This week, I thought I’d offer a brief diversion from cooking kids food for kids. It is Valentine’s week and therefore an opportunity to cook something rich and warm for the grown-up love of your life, after your beloved offspring have been tucked up in bed.
If the question is “What’s for dinner?”, the answer is “Romance”…
Without sounding like Scrooge at Christmas, I’ve never been one for going out for an overpriced and over-busy dinner on Valentine’s Day. To me it is like New Year’s Eve: too many people forcing themselves to have “fun.” I just can’t bear seeing a restaurant full of tables for two: I find it eery, all those silent couples.
Instead, I much prefer to stay home, open a bottle of red wine and make something deliciously voluptuous: a dish to seduce the senses… and perhaps more…
So to that end, I’m delighted to share this delicious dish with you: beef in red wine sauce, or, as our sensuous French cousins call it, Boeuf Bourgignon. Hearty, earthy and rich: Ooh là là.
Technically, this dish is not an authentic boeuf bourgignon, as the traditional recipe calls for the inclusion of bacon. This recipe tries to keep it simple, but feel free to add it, just fry after you’ve fried the beef. The beef is cooked for a long time so it just falls apart on your fork, so there is no need for expensive cuts; chuck works well, just cut off any excess fat.

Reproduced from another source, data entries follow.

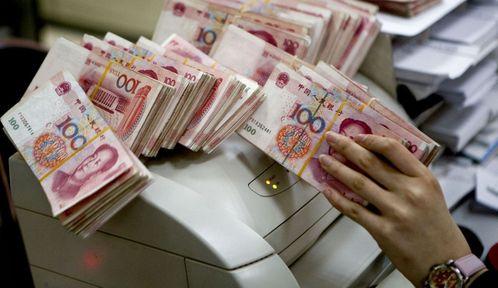 人民币最新爆料消息今天,揭秘今日最新爆料背后的市场风云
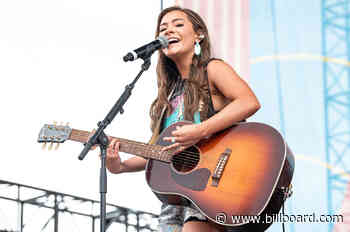 Maddie & Tae's Taylor Dye Marries Josh Kerr in Nashville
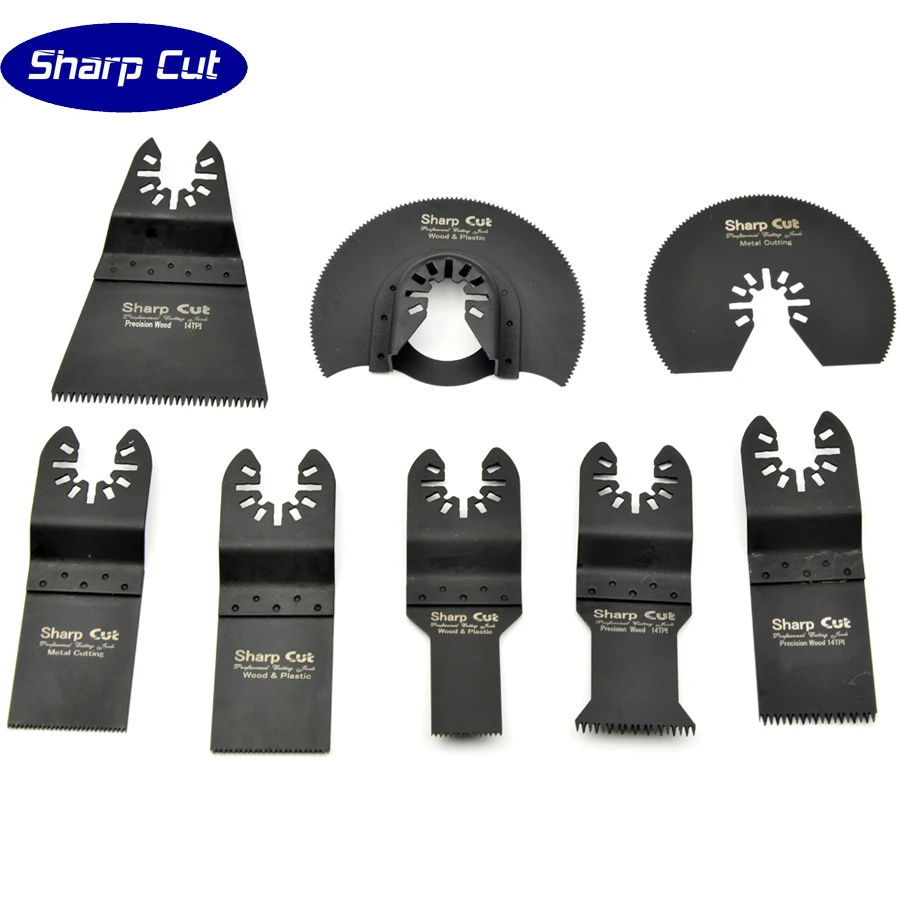 40pcs/set Oscillating Multitool Saw Blades Accessories fit for Fein,Dremel etc, FREE SHIPPING,Wodd Cutting Saw Blades Set 40pcs/set Oscillating Multitool Saw Blades Accessories fit for Fein,Dremel etc, FREE SHIPPING,Wodd Cutting Saw Blades Set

Also, if you follow the recipe, the red wine should be burned off in cooking, leaving flavor but no alcohol and leaving you feel free to serve to your little ones if required. My kids loved this with buttered pasta noodles. But seriously? Give them a PBJ and send them to bed early.
You can make this dish a day in advance so you won’t be getting all hot and bothered in the kitchen on Valentine’s Day. Unless of course getting all hot and bothered in the kitchen on Valentine’s Day is on the menu…
- 2 lb stewing beef, cut into 2” pieces
- 1 tbsp olive oil
- 1 carrot, peeled and sliced
- 1 stick of celery, chopped
- 1 onion, finely chopped
- 2 tbsp flour
- 1 tbsp butter
- 3 cups of a full-bodied red wine
- 2-3 cups beef stock
- 2 cloves garlic
- ½ tsp dried thyme
- ½ tsp dried rosemary
- 1 bay leaf
- 2 cups small mushrooms, cleaned and quartered
Dry the beef in paper towels; it will not brown if it is damp. Heat the oil in a skillet and fry the beef a few pieces at a time. Remove with a slotted spoon and put in a casserole dish or a slow cooker.
In the same fat, fry the onions, carrots and celery for a few minutes until soft. Then add the butter and fry the mushrooms until they are soft. Add the garlic and cook for another minute. Sprinkle with flour and cook for a further 2 minutes. Add the wine and stock, stirring continuously and bring to the boil. Season with salt and pepper and add the herbs. Pour the mixture over the beef either in your slow cooker or a casserole dish.
If using a slow cooker, cook for 4 hours on high or 6 hours on low. Otherwise if you don’t have a slow cooker, put the covered casserole dish in a preheated oven (heated to 325 degrees). Cook in the oven for 2 ½ hours to 3 hours. Whichever way you cook it, it is done when the meat is tender.
The flavors develop better if made at least a day in advance. Reheat thoroughly and serve with potatoes, rice or noodles.